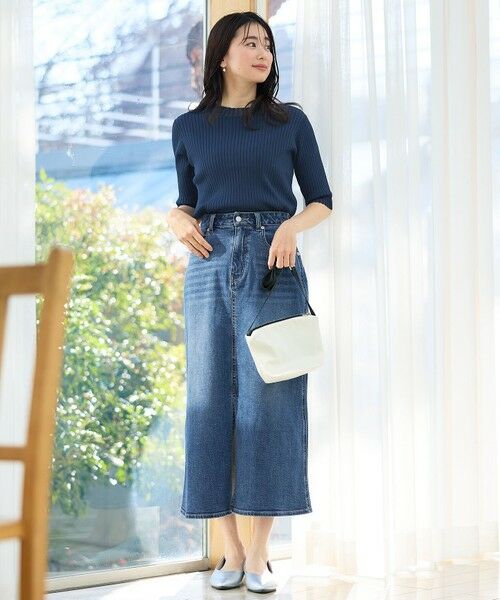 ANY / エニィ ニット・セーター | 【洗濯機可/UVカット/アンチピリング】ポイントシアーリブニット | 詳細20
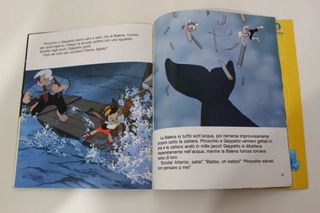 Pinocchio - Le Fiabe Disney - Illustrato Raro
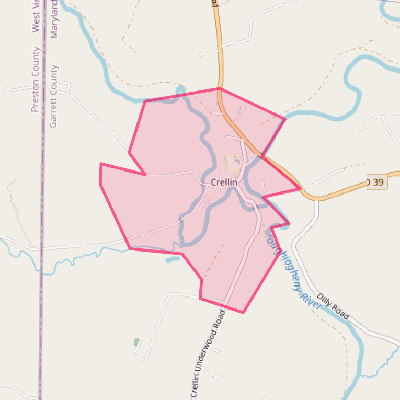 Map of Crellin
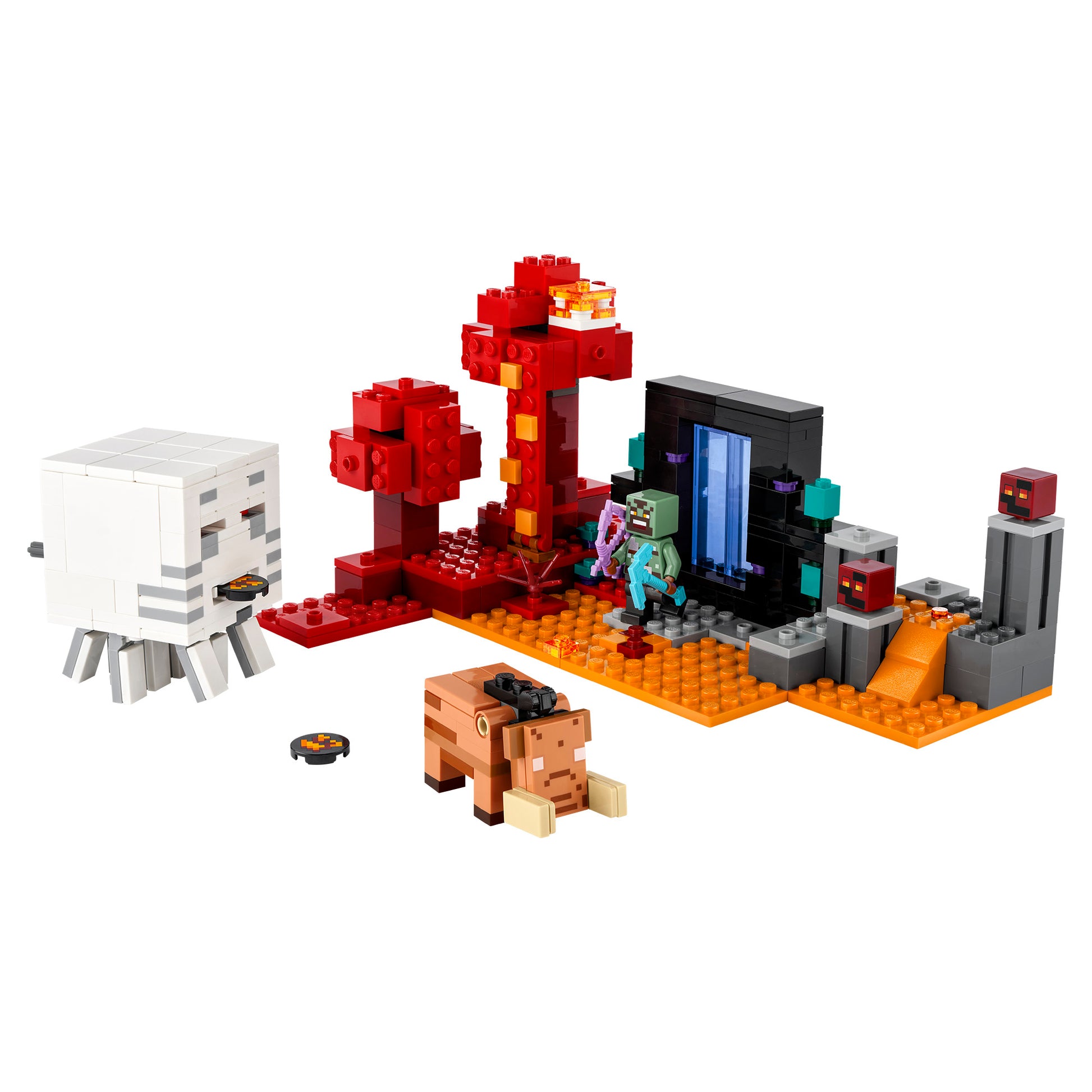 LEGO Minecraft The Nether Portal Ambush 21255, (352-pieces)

==

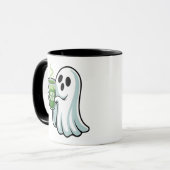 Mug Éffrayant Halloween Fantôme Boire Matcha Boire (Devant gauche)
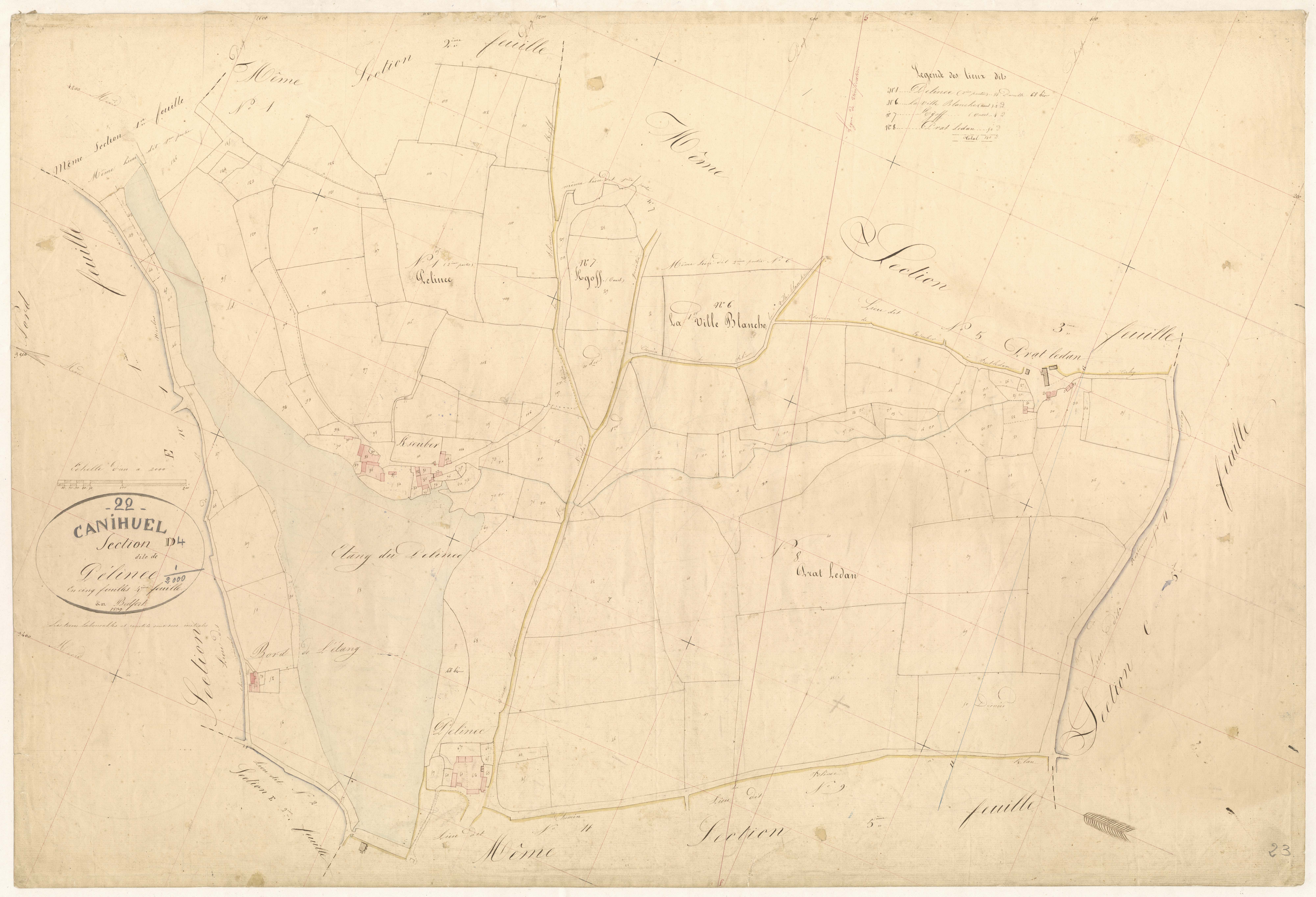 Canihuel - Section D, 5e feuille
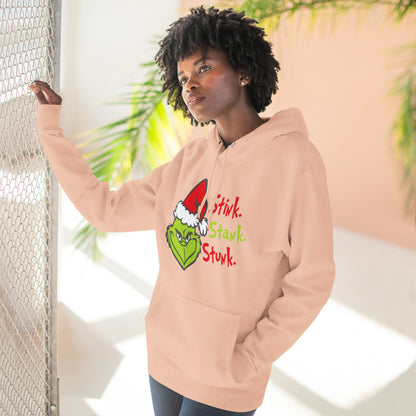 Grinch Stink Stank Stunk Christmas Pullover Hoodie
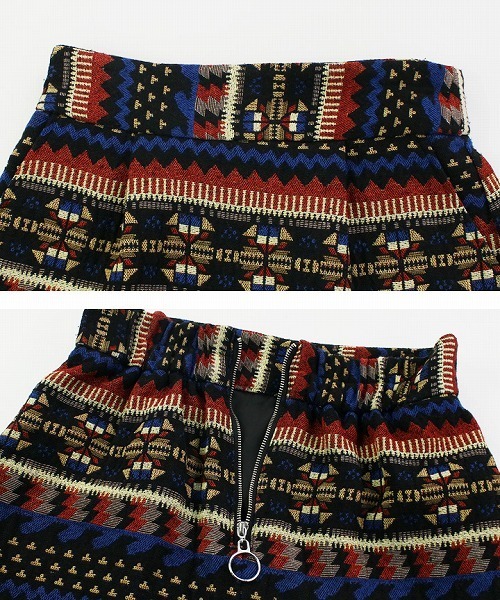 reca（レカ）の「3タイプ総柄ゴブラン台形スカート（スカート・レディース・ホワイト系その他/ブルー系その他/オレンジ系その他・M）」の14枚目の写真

* * *

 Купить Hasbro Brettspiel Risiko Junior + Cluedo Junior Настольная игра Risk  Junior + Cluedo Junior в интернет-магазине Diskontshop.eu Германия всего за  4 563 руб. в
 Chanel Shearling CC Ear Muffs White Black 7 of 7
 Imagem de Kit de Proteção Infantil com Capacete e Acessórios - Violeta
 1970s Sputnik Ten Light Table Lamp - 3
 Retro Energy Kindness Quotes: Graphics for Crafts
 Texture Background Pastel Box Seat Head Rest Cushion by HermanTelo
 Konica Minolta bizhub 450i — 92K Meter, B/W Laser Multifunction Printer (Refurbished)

### Description of the task
From the records above, copy only the lines running from the line containing "Map of Crellin" to the line containing "LEGO Minecraft The", both ends included. Leave the pictures out.

### Answer to the exercise
 Map of Crellin
 LEGO Minecraft The Nether Portal Ambush 21255, (352-pieces)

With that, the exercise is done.